JANE BURGERMEISTER REPORT: ‘Eurozone increases pressure on Greek parliament in make or break week for eurozone’
Eurozone increases pressure on Greek parliament in make or break week for eurozone
Ahead of a key confidence vote on Greek Prime Minister Giorgos Papandreou in the parliament on Tuesday, eurozone officials have increased the pressure on Greece to agree to sweeping privatisations and additional fiscal austerity measures, arguing there is no option for Greek lawmakers except to agree to the eurozone measures or face bankruptcy.
Of course, there is an option. It is called a managed insolvency and should have been implemented a year ago given the evidence that Greece is insolvent. The German government buried a recommendation for a managed insolvency mechanism by its experts in autumn 2010.

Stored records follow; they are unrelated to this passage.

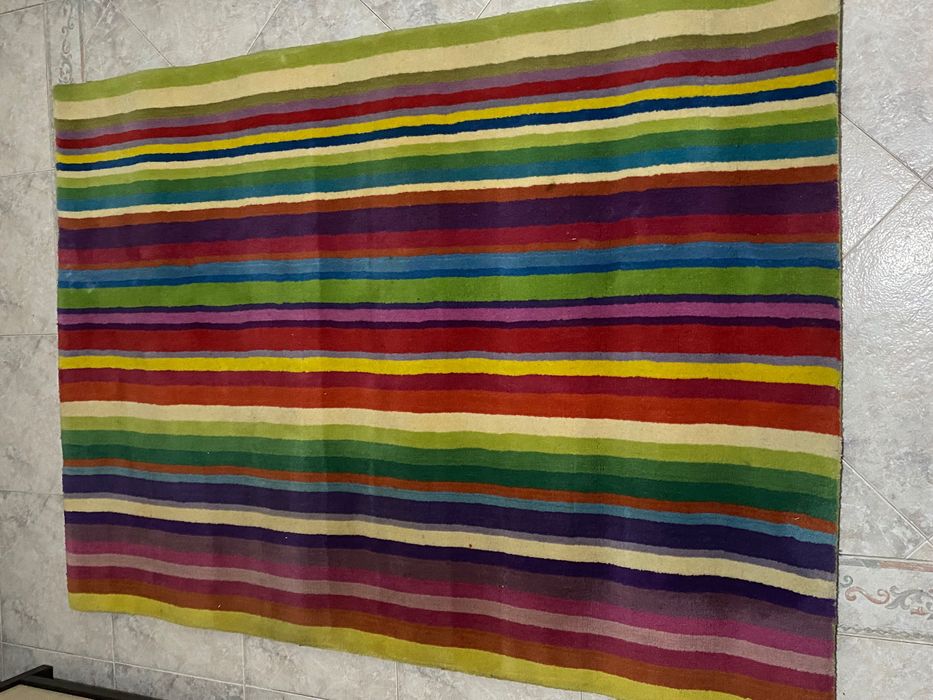 Tapete 1,40m por 2,00m com riscas coloridas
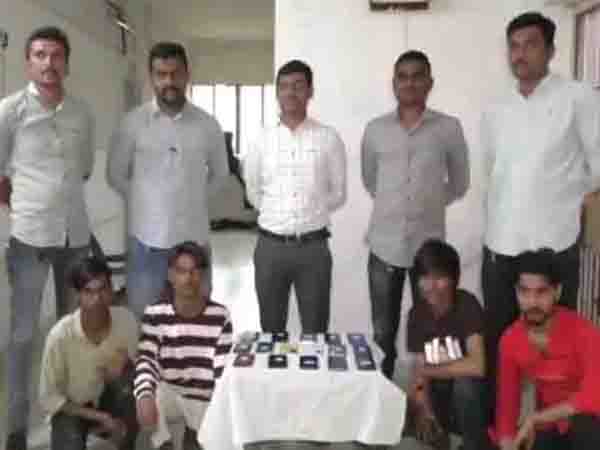 Mobile snatching gang busted, five including minor arrested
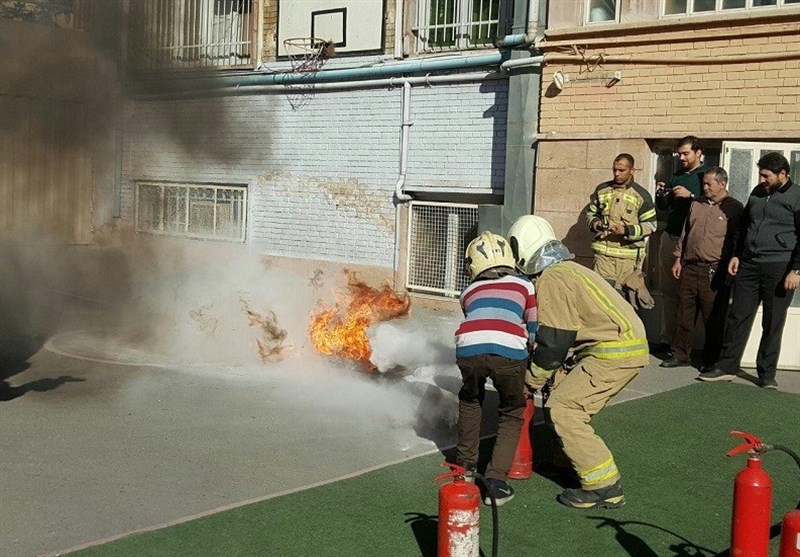 مانور مقابله با حوادث غیرمترقبه در دبستان "رفاه" برگزار شد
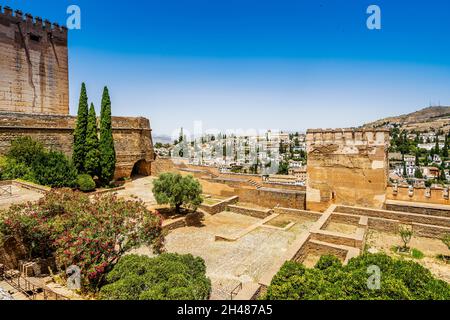 Il complesso del palazzo dell'Alhambra in primo piano e la città di Granada in background, Andalusia, Spagna Foto Stock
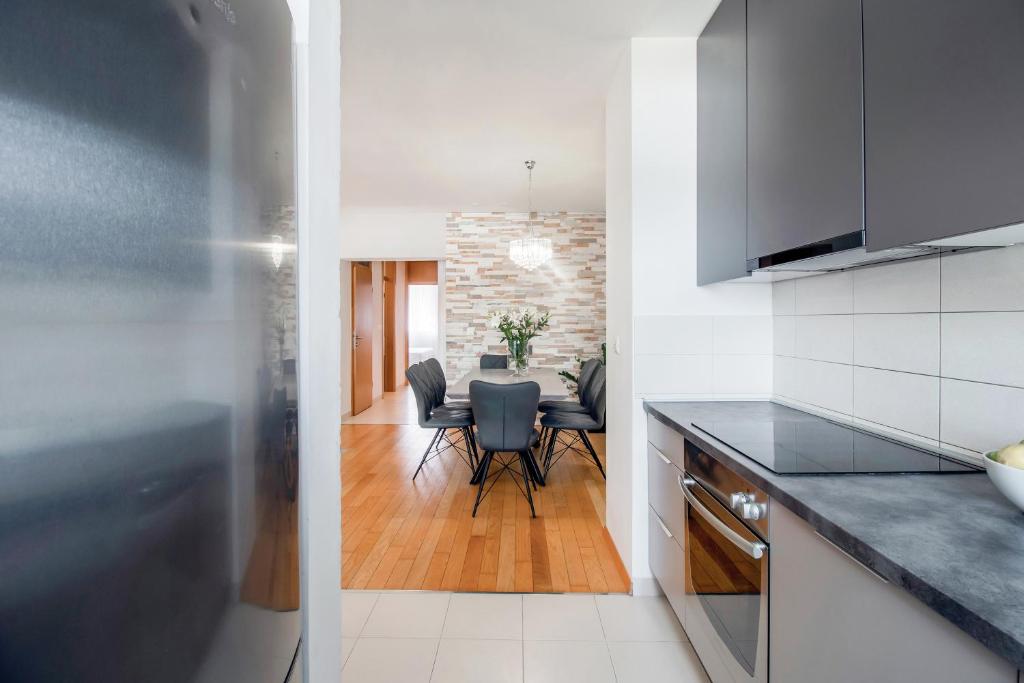 Kuchnia lub aneks kuchenny w obiekcie Apartment Montesa Zadar with free parking and balcony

Also, a US senate investigation, in the meantime, has concluded that the financial crisis and Lehman debacle were avoidable. Equally avoidable are any bank crashes in Europe as a result of a Greek default, especially given the fact the tax payers and ECB are already by the far the biggest creditors of Greek, Irish and Portuguese government and bank debt.
Econmists say Greece should default, nationalise its banks and reintroduce the Drachma and reform their public sector at their own pace. A disorderly default now is far better than more fiscal austerity and hasty privatisations, which will only sink Greece deeper into ruinous debt.
More from the BBC on the make or break week for the euro with the eurozone officials openly pressuring Greece to continue down a path of economic ruin for the profit of American, German and French banks.
BBC, 20 June 2011
Eurozone finance ministers have postponed their decision on a 12bn euro ($17bn; £10bn) loan to Greece until it introduces further austerity measures.
The ministers said they expected to pay the latest tranche of a 110bn euro EU and IMF aid package by mid-July.
But its release depends on the Greek government surviving a vote of confidence on Tuesday.
Parliament then must also pass 28bn euros worth of new spending cuts and economic reforms.
Greeks have already seen wages and pensions cut and there have been regular, mass demonstrations – even riots – in protest.
The latest public opposition to the cutbacks involves Greek workers at the state-owned electricity company, who are on the first day of a 48-hour strike.
At a press conference on Monday, Jean-Claude Juncker, Luxembourg’s prime minister who chairs the meetings of the 17 eurozone finance ministers, said he felt for the Greeks: “This is something that affects me greatly. You look at the reaction of the people on the streets. You see they are rebelling. I understand that and I’m touched by that.”
Letting Greece default in a disorderly, uncontrolled way would probably be a good deal worse for the global economy than Lehman’s collapse.”